2022-6-26 黑名单中的随机数,不同骰子序列的数目,操作后的最大异或和,统计无向图中无法互相到达点对数,二维网格图中探测环,检查网格中是否存在有效路径,交换字符串中的元素

1. 黑名单中的随机数

You are given an integer n and an array of unique integers blacklist. Design an algorithm to pick a random integer in the range [0, n - 1] that is not in blacklist. Any integer that is in the mentioned range and not in blacklist should be equally likely to be returned.

Optimize your algorithm such that it minimizes the number of calls to the built-in random function of your language.

Implement the Solution class:

  • Solution(int n, int[] blacklist) Initializes the object with the integer n and the blacklisted integers blacklist.
  • int pick() Returns a random integer in the range [0, n - 1] and not in blacklist.

Example

Input
["Solution", "pick", "pick", "pick", "pick", "pick", "pick", "pick"]
[[7, [2, 3, 5]], [], [], [], [], [], [], []]
Output
[null, 0, 4, 1, 6, 1, 0, 4]

代码 [哈希]

class Solution {
private:
    unordered_map<int, int> mp; // black -> white
    default_random_engine generator;
    uniform_int_distribution<int> distr;

public:
    Solution(int n, vector<int> &blacklist) {
        unordered_set<int> black, white;
        int bound = n - blacklist.size();
        for (int x:blacklist) {
            if (x >= bound) black.insert(x);
            if (x < bound) white.insert(x);
        }
        int i = bound;
        for (auto x:white) {
            while (black.count(i)) ++i;
            mp[x] = i++;
        }
        distr = uniform_int_distribution<int>(0, bound - 1);
    }

    int pick() {
        int x = distr(generator);
        return mp.count(x) ? mp[x] : x;
    }
};

2. 不同骰子序列的数目

You are given an integer n. You roll a fair 6-sided dice n times. Determine the total number of distinct sequences of rolls possible such that the following conditions are satisfied:

  1. The greatest common divisor of any adjacent values in the sequence is equal to 1.
  2. There is at least a gap of 2 rolls between equal valued rolls. More formally, if the value of the ith roll is equal to the value of the jth roll, then abs(i - j) > 2.

Return the total number of distinct sequences possible. Since the answer may be very large, return it modulo 109 + 7.

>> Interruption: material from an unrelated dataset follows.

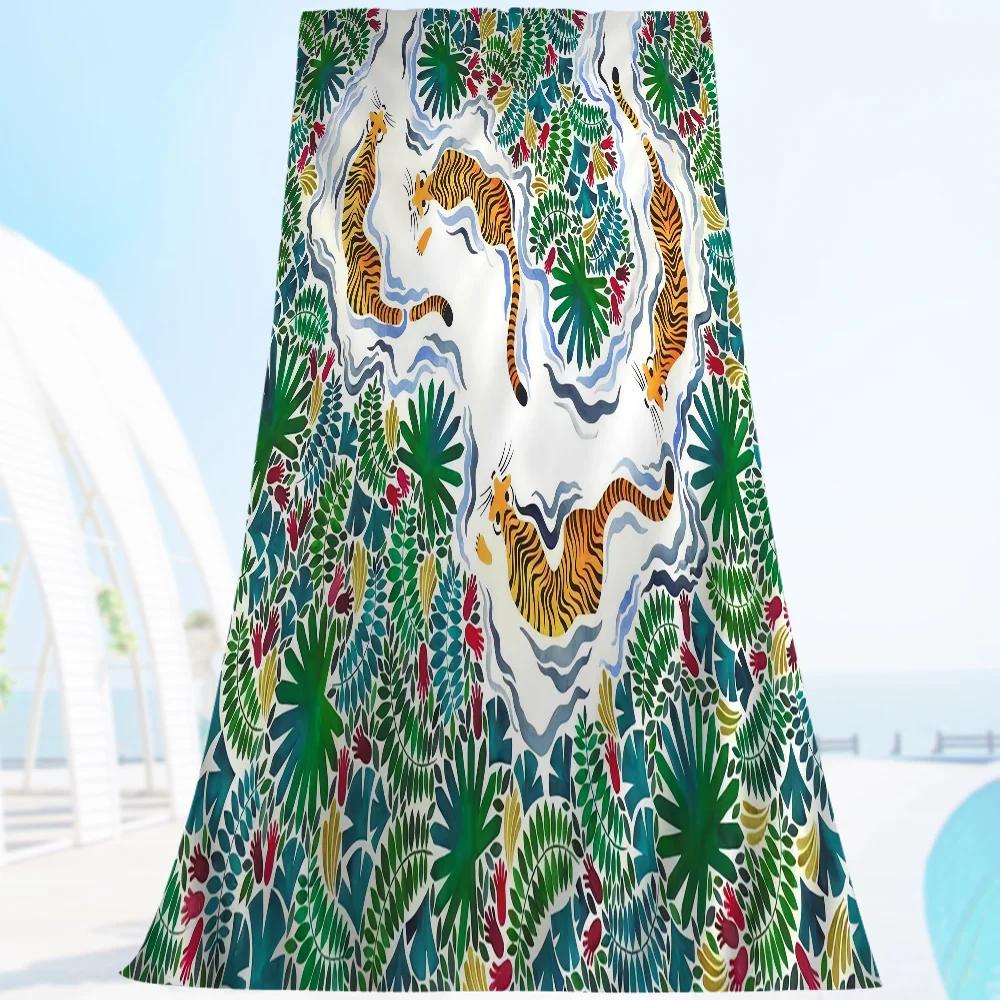 

Wild Leopard Tiger Vase Flower Girl Power Beach Towels Shower Towel Travel Spa Microfiber Quick Dry Gym Accessories Room Decor W30*H60(CM)
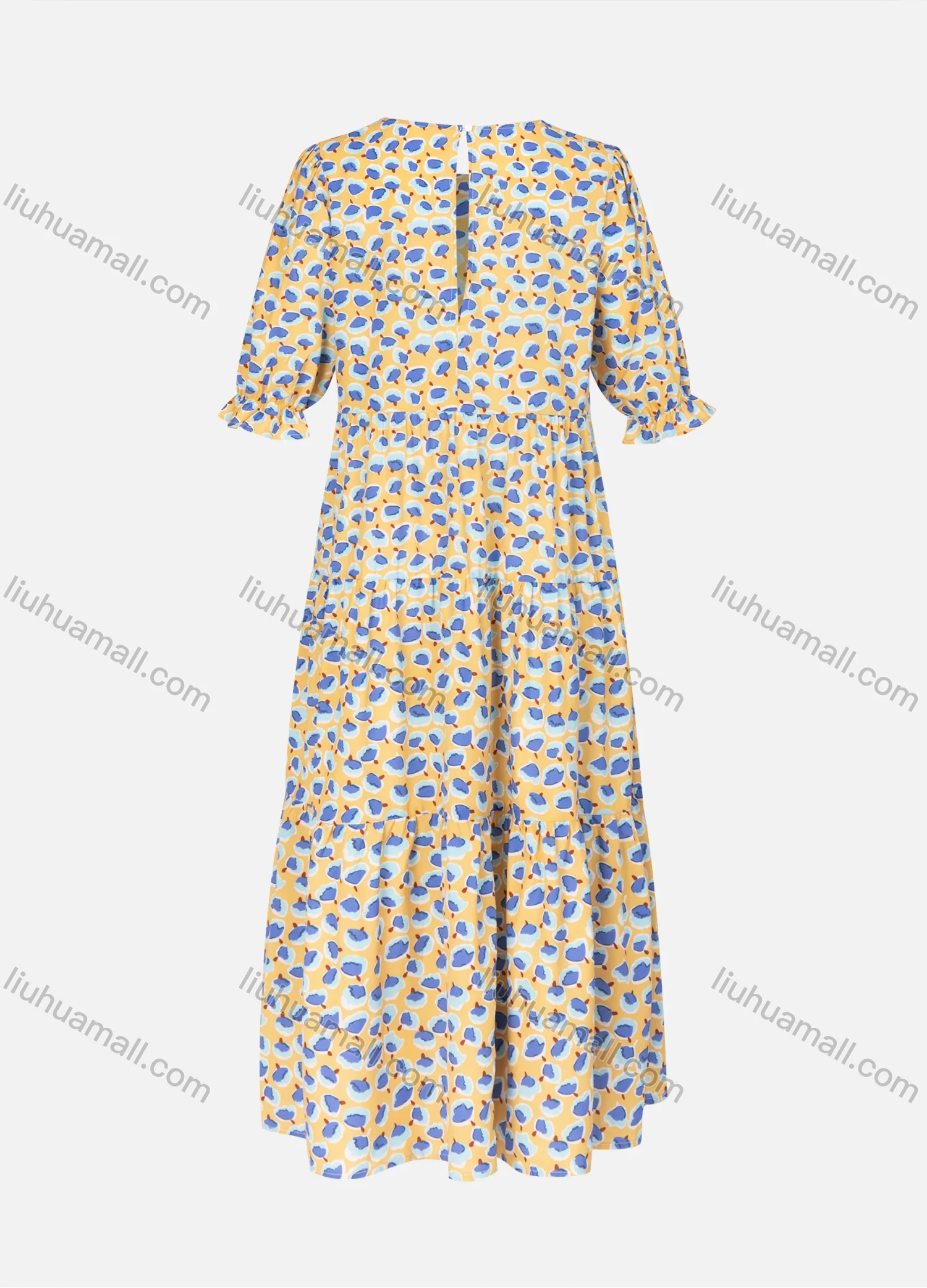 Wholesale Women's Casual Allover Print Half Sleeve Round Neck Ruffle Hem Maxi Dress - Liuhuamall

Two sequences are considered distinct if at least one element is different.

Example

Input: n = 4
Output: 184

代码 [动态规划]

class Solution {
public:
    int distinctSequences(int n) {
        if (n == 1) return 6;
        vector<unordered_set<int>> pp{{}, // 通过 __gcd(x,y) 求出与自身不同的最大公约数为1的选择
                                      {2, 3, 4, 5, 6},
                                      {1, 3, 5},
                                      {1, 2, 4, 5},
                                      {1, 3, 5},
                                      {1, 2, 3, 4, 6},
                                      {1, 5}};
        vector<vector<vector<long long>>> dp(n + 1, vector<vector<long long>>(7, vector<long long>(7, 0)));
        for (int j = 1; j <= 6; ++j) {
            for (int k:pp[j]) {
                dp[2][j][k] = 1;
            }
        }
        for (int i = 3; i <= n; ++i) {
            for (int j = 1; j <= 6; ++j) {
                for (auto k:pp[j]) {
                    for (int prev = 1; prev <= 6; ++prev) {
                        if (prev == j) continue;
                        dp[i][j][k] += dp[i - 1][k][prev] % 1000000007;
                    }
                }
            }
        }
        long long ans = 0;
        for (int j = 1; j <= 6; ++j) {
            for (int k = 1; k <= 6; ++k) {
                ans += dp[n][j][k];
                ans %= 1000000007;
            }
        }
        return ans;
    }
};

3. 操作后的最大异或和

You are given a 0-indexed integer array nums. In one operation, select any non-negative integer x and an index i, then update nums[i] to be equal to nums[i] AND (nums[i] XOR x).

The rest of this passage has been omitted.